2. The mission critical sanitizing apparatus of claim 1, wherein
the acid solution is a Citric acid solution; wherein the plurality
of input pumps comprises a first pump and a second pump, wherein
the first pump pumps the bleach solution, and wherein the second
pump pumps the Citric acid solution.
3. The mission critical sanitizing apparatus of claim 1, further
comprising a controller providing a digital control to the
plurality of input pumps, and wherein the controller controls the
water pump and the output pump.
4. The mission critical sanitizing apparatus of claim 3, further
comprising a sanitizing solution created in the mixing chamber,
wherein the sanitizing solution includes water, a bleach solution
and a Citric acid solution wherein a pH of the output flow is in
the range of 5.5-7.0.
5. The mission critical sanitizing apparatus of claim 4, further
comprising a sanitizing solution created in the mixing chamber,
wherein the sanitizing solution includes water, a bleach solution
and a Citric acid solution; wherein the plurality of input pumps
comprises a first pump and a second pump, wherein the first pump
pumps the bleach solution, and wherein the second pump pumps the
Citric acid solution.
6. The mission critical sanitizing apparatus of claim 1, further
comprising a controller providing a digital control to the
plurality of input pumps, and wherein the controller controls the
water pump and the output pump; and further comprising a
communications module, wherein the communications module has a
communications protocol.
7. The mission critical sanitizing apparatus of claim 1, wherein
the acid solution is a Citric acid solution; wherein the plurality
of input pumps comprises a first pump and a second pump, wherein
the first pump pumps the bleach solution, and wherein the second
pump pumps the Citric acid solution, further comprising a
controller providing a digital control to the plurality of input
pumps, and wherein the controller controls the water pump and the
output pump; and further comprising a communications module,
wherein the communications module has a communications protocol,
wherein the communications protocol receives configuration input
from a user.
8. The mission critical sanitizing apparatus of claim 1, wherein
the sanitizing solution includes water, a bleach solution and a
Citric acid solution; wherein the plurality of input pumps
comprises a first pump and a second pump, wherein the first pump
pumps the bleach solution, and wherein the second pump pumps the
Citric acid solution.
9. The mission critical sanitizing apparatus of claim 1, further
comprising a controller providing a digital control to the
plurality of input pumps, and wherein the controller controls the
water pump and the output pump; and further comprising a
communications module, wherein the communications module has a
communications protocol, wherein the communications protocol
receives configuration input from a user wherein a HOCl
concentration is between 20 ppm and 300 ppm and a pH of the output
flow is in the range of 5.5-7.0.
10. The mission critical sanitizing apparatus of claim 1, wherein
the sanitizing solution includes water, a bleach solution and an
HCl acid solution.
11. The mission critical sanitizing apparatus of claim 10, further
comprising a controller providing a digital control to the
plurality of input pumps, and wherein the controller controls the
water pump and the output pump; and further comprising a
communications module, wherein the communications module has a
communications protocol, wherein the communications protocol
receives configuration input from a user.
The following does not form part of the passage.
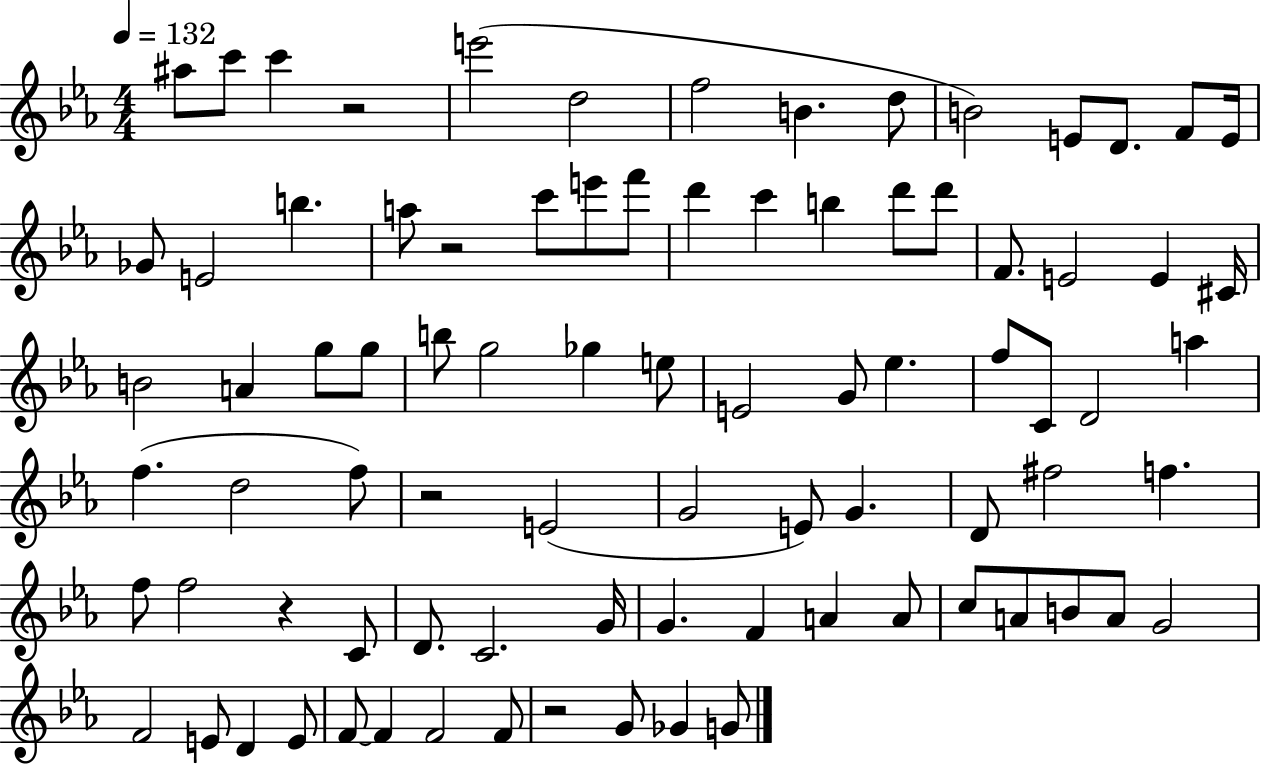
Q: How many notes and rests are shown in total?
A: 85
12. The mission critical sanitizing apparatus of claim 11, further
comprising an ultrasonic mister embedded in an HVAC system for
dispersing the sanitizing solution.
13. The mission critical sanitizing apparatus of claim 11, further
comprising an ultrasonic mister for airborne dispersal of the
sanitizing solution.
14. The mission critical sanitizing apparatus of claim 11, further
comprising a pressurized sprayer nozzle for airborne dispersal of
the sanitizing solution.
15. The mission critical sanitizing apparatus of claim 11, further
comprising a sanitizing solution created in the mixing chamber,
wherein the sanitizing solution includes water, a bleach solution
and a HCl acid solution; wherein the plurality of input pumps
comprises a first pump and a second pump, wherein the first pump
pumps the bleach solution, and wherein the second pump pumps the
HCl acid solution.
16. The mission critical sanitizing apparatus of claim 15, further
comprising an ultrasonic mister embedded in an HVAC system for
dispersing the sanitizing solution.
17. The mission critical sanitizing apparatus of claim 15, further
comprising an ultrasonic mister for airborne dispersal of the
sanitizing solution.
18. The mission critical sanitizing apparatus of claim 15, further
comprising a pressurized sprayer nozzle for airborne dispersal of
the sanitizing solution.
19. The mission critical sanitizing apparatus of claim 18, further
comprising an ultrasonic mister embedded in an HVAC system for
dispersing the sanitizing solution.
20. The mission critical sanitizing apparatus of claim 18, further
comprising an ultrasonic mister for airborne dispersal of the
sanitizing solution.
Description
BACKGROUND
[0001] Machines for sanitizing have been used for a variety of
applications such as water treatment and airflow treatment. A
variety of public health dangers such as flesh-eating bacteria or
different strands of viruses would become out of control on a large
global scale without sanitizing equipment. Sanitizing machines in
the past have titrated a variety of sanitizer solutions such as
chlorine or an acid by releasing quantities into a stream of water
or air.
[0002] Chlorine, particularly sodium hypochlorite solution
(bleach), has been a commonly used disinfectant. It is also a
hazardous material that can cause corrosion and health
problems.
NaOCl+H2O------>HOCl+NaOH
[0003] The active ingredient in the bleach is HOCl (hypochorous
acid). Being in the base solution of pH value 8-10, 80% of it
exists in the form of OCl (hypochlorite ion) which does not have
much sterilizing power.
HOCl<------>OCl.sup.-+H+
[0004] According to the publication Technologies For Upgrading
Existing Or Designing New Drinking Water Treatment Facilities, US
EPA. 1990. P. 62-69, the disclosure of which is incorporated herein
by reference, disinfection is accomplished by HOCl's oxidizing
reactions with organic matter. By tweaking the pH of the bleach
solution to slightly acid, i.e.; between 5.5 and 7, a higher
sanitizing effect can be obtained. (p. 67, fig. 5.1)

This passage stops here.